---- DATA SEGMENT

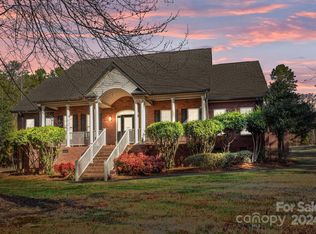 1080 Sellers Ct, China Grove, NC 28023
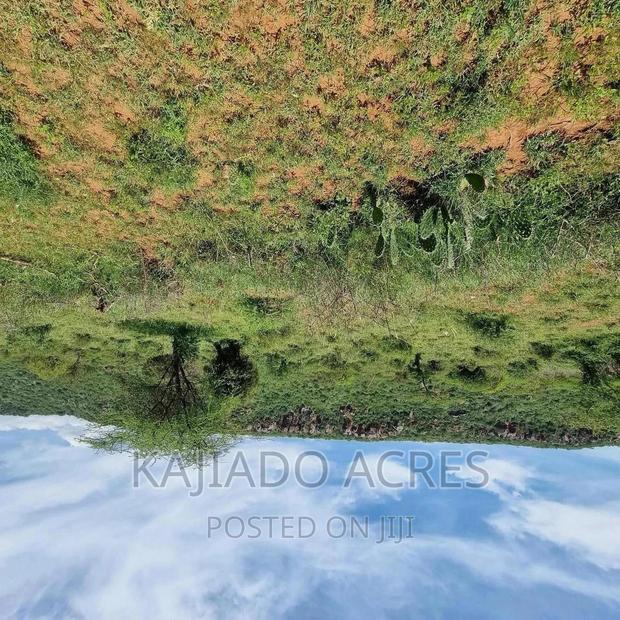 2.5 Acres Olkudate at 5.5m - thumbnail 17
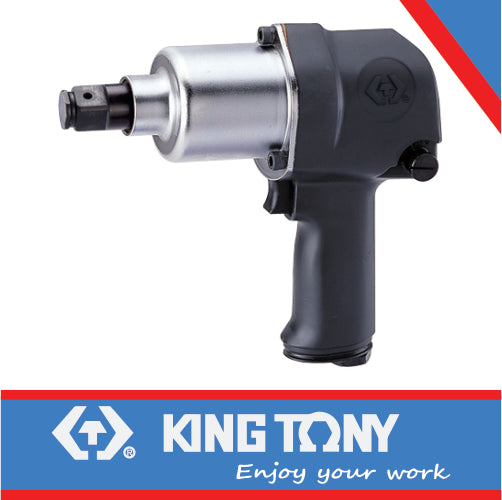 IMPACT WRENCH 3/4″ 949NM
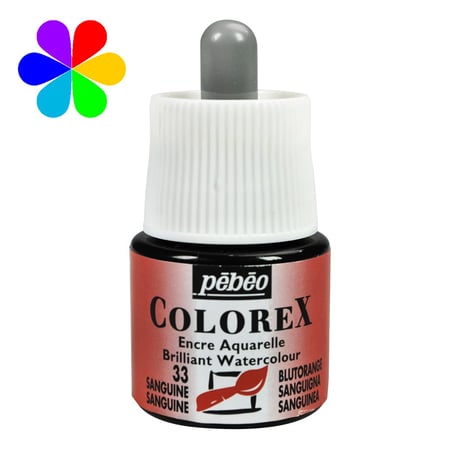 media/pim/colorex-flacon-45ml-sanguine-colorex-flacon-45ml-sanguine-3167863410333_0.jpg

--------

An exact copy of every line above is needed, without the images.

• **EXERCISE RESULT**:
 1080 Sellers Ct, China Grove, NC 28023
 2.5 Acres Olkudate at 5.5m - thumbnail 17
 IMPACT WRENCH 3/4″ 949NM
 media/pim/colorex-flacon-45ml-sanguine-colorex-flacon-45ml-sanguine-3167863410333_0.jpg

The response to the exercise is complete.